Segment Start: EXERCISE DATA

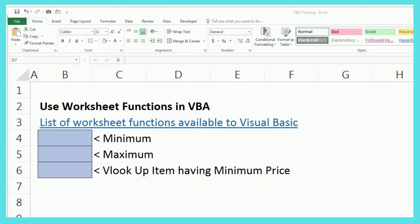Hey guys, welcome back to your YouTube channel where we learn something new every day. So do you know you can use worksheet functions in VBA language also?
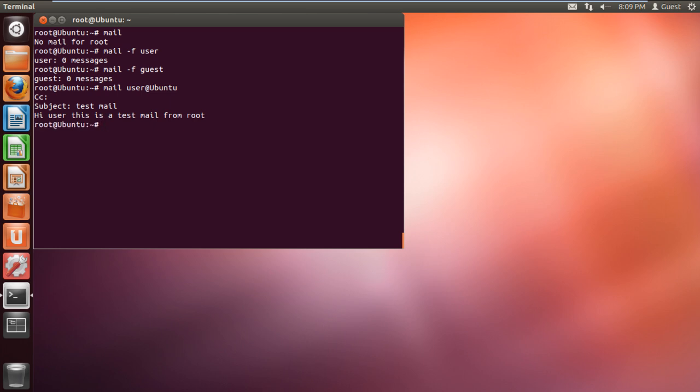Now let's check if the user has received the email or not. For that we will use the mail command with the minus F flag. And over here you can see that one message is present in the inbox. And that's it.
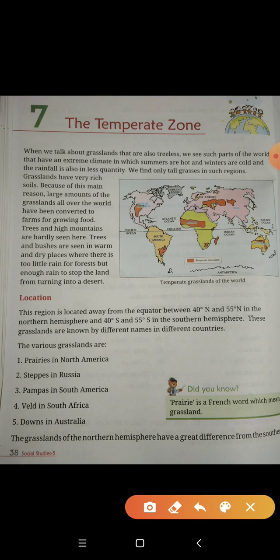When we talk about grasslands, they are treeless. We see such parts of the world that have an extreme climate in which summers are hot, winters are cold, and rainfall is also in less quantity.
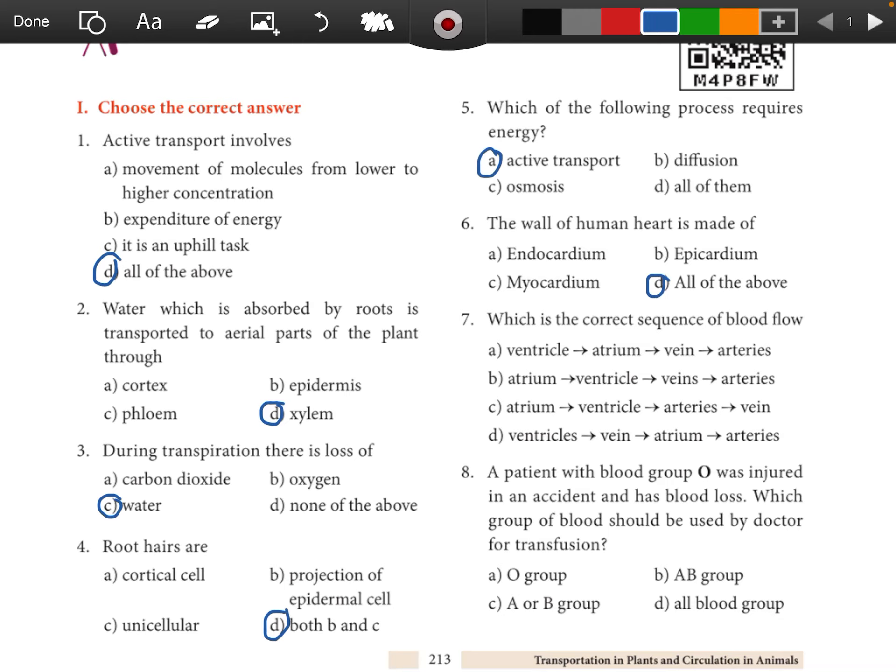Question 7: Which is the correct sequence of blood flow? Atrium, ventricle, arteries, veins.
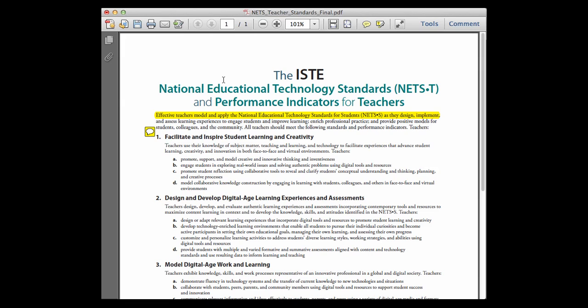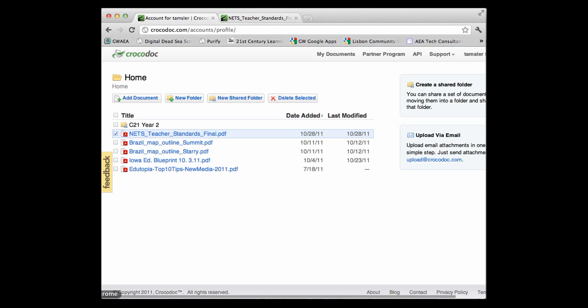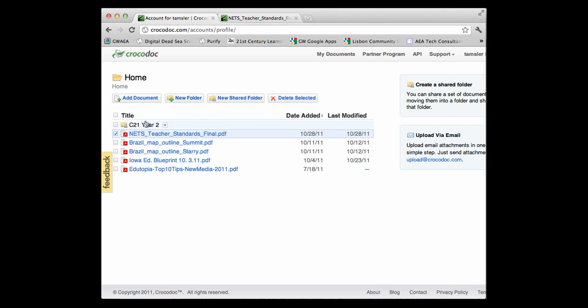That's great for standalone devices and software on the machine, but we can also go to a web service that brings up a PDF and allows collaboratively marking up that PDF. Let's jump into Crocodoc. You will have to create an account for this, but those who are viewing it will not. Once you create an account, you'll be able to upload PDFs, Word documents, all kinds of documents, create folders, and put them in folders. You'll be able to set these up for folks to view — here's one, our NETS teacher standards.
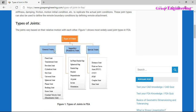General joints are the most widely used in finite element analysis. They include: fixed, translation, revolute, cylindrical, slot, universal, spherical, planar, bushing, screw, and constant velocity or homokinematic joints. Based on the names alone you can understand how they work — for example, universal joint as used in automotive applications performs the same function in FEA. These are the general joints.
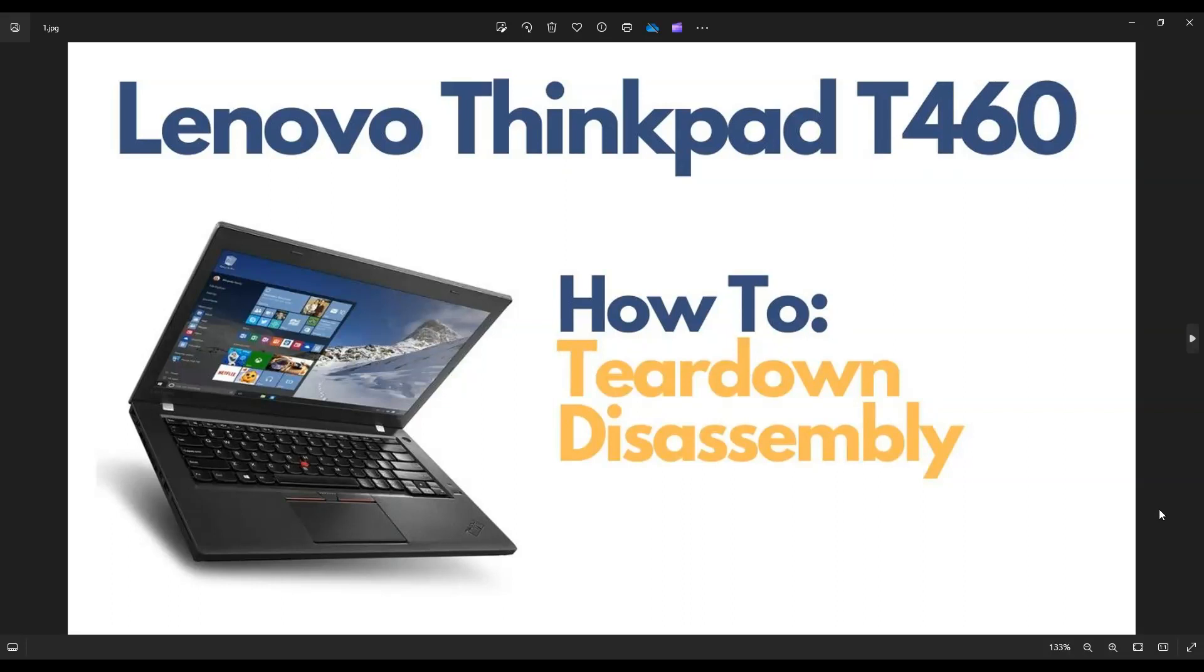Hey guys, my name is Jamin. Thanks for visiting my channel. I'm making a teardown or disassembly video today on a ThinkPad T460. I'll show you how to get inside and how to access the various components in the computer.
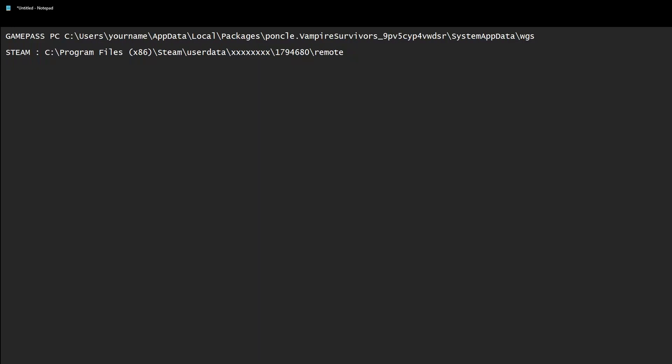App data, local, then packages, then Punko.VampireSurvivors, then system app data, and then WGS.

Segment End: EXERCISE DATA
Segment Start: EXERCISE DATA

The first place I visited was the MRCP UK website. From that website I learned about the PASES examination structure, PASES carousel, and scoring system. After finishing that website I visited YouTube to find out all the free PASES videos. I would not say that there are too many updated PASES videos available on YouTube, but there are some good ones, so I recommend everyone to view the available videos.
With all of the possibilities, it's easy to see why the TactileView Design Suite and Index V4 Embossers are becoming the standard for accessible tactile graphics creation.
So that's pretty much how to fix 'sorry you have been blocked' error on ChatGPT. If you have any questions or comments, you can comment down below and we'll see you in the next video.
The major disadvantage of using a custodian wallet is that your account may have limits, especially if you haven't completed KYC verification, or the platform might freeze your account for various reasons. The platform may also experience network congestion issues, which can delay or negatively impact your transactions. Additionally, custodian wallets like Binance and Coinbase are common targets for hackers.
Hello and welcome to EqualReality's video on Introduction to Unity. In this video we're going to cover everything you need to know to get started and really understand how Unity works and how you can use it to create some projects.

Segment End: EXERCISE DATA
Segment Start: EXERCISE DATA

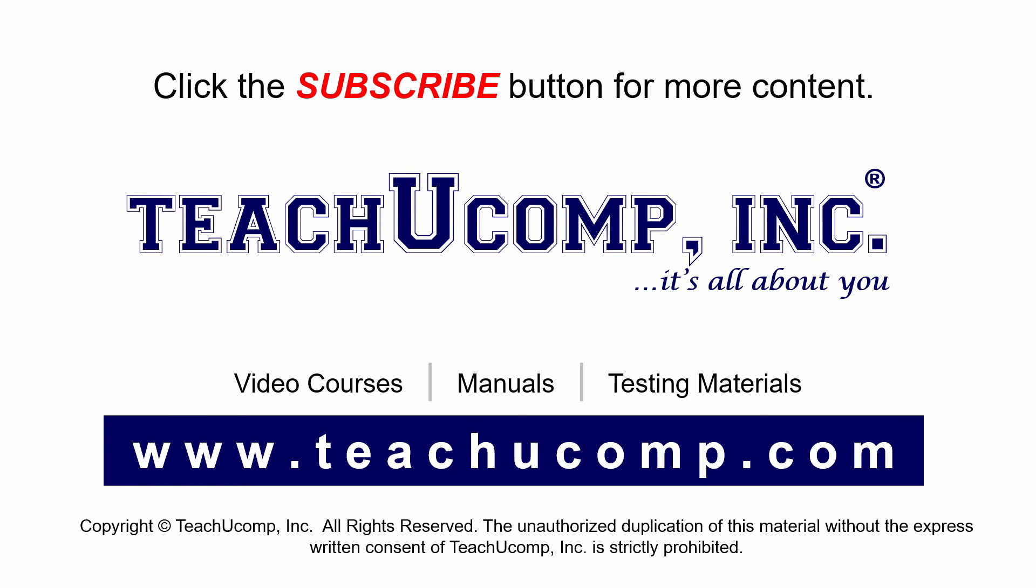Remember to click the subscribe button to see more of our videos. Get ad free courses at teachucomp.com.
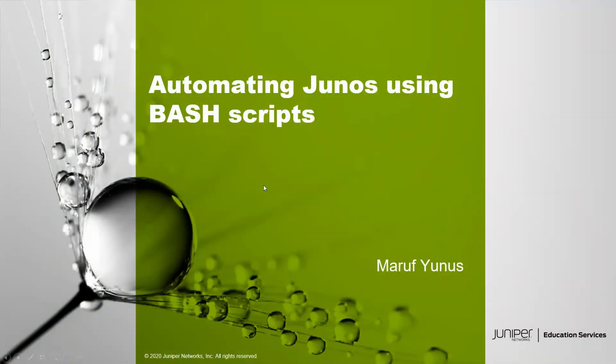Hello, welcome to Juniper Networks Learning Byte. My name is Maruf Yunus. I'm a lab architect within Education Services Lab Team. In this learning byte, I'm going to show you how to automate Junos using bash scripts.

Segment End: EXERCISE DATA

■ ACTIVITY: Beginning at the line above that contains "When we talk", repeat each line exactly through the one that contains "App data, local, then", and leave out the pictures.

■ FINAL ANSWER:
When we talk about grasslands, they are treeless. We see such parts of the world that have an extreme climate in which summers are hot, winters are cold, and rainfall is also in less quantity.
Question 7: Which is the correct sequence of blood flow? Atrium, ventricle, arteries, veins.
That's great for standalone devices and software on the machine, but we can also go to a web service that brings up a PDF and allows collaboratively marking up that PDF. Let's jump into Crocodoc. You will have to create an account for this, but those who are viewing it will not. Once you create an account, you'll be able to upload PDFs, Word documents, all kinds of documents, create folders, and put them in folders. You'll be able to set these up for folks to view — here's one, our NETS teacher standards.
General joints are the most widely used in finite element analysis. They include: fixed, translation, revolute, cylindrical, slot, universal, spherical, planar, bushing, screw, and constant velocity or homokinematic joints. Based on the names alone you can understand how they work — for example, universal joint as used in automotive applications performs the same function in FEA. These are the general joints.
Hey guys, my name is Jamin. Thanks for visiting my channel. I'm making a teardown or disassembly video today on a ThinkPad T460. I'll show you how to get inside and how to access the various components in the computer.
App data, local, then packages, then Punko.VampireSurvivors, then system app data, and then WGS.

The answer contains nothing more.